Para adquirir imóvel por Usucapião é obrigatório morar no imóvel?

15/12/2021 às 08:14

Resumo:


  • O ordenamento jurídico brasileiro contempla diversas espécies de Usucapião, sendo que quanto maior o tempo reclamado, menores os requisitos exigidos.
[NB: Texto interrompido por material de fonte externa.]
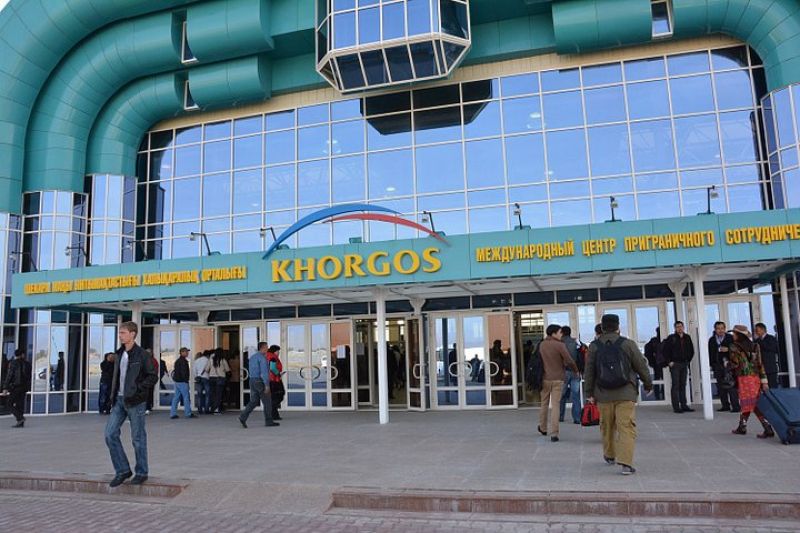 2018 жылы «Қорғас» халықаралық шекаралық ыңтымақтастық орталығында 1 млн 200 мың турист болыпты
  • As modalidades de usucapião com prazos menores são de 2 e 5 anos, enquanto as de maior prazo são de 10 e 15 anos de posse qualificada.

  • A modalidade que exige maior prazo é a Extraordinária, que requer 15 anos de posse ininterrupta e sem oposição para adquirir a propriedade do imóvel.

Resumo criado por JUSTICIA, o assistente de inteligência artificial do Jus.

O ORDENAMENTO JURÍDICO BRASILEIRO contempla diversas espécies de Usucapião. Como regra geral, quanto MAIOR o tempo reclamado, MENORES os requisitos exigidos - e vice-versa. As modalidades com MENORES prazos são as de 2 (dois) e 05 (cinco) anos. As com maior prazo, na atualidade são de 10 (dez) e 15 (quinze) anos de posse qualificada. Como dito, a modalidade que exige maior prazo é a que exige menos requisitos e esta é a modalidade EXTRAORDINÁRIA, arrolada no art. 1.238 que reza:

Art. 1.238. Aquele que, por QUINZE ANOS, sem interrupção, nem oposição, possuir como seu um imóvel, adquire-lhe a propriedade, independentemente de título e boa-fé; podendo requerer ao juiz que assim o declare por sentença, a qual servirá de título para o registro no Cartório de Registro de Imóveis.

Parágrafo único. O prazo estabelecido neste artigo reduzir-se-á a DEZ ANOS se o possuidor houver estabelecido no imóvel a sua MORADIA HABITUAL, ou nele realizado obras ou serviços de caráter produtivo".

.

Nem sempre, portanto, a MORADIA será exigida (sem prejuízo dos demais requisitos). IMPORTANTE notar que o caput do referido artigo nada fala sobre" MORADIA ". Esse requisito só existe no PARÁGRAFO ÚNICO do dispositivo onde, com a finalidade/possibilidade de REDUÇÃO DO PRAZO (de 15 para 10 anos) quando então ela se torna exigível - ou ainda, a questão da realização de obras ou serviços de caráter produtivo no imóvel. Trata-se do que chamamos de" POSSE-TRABALHO ".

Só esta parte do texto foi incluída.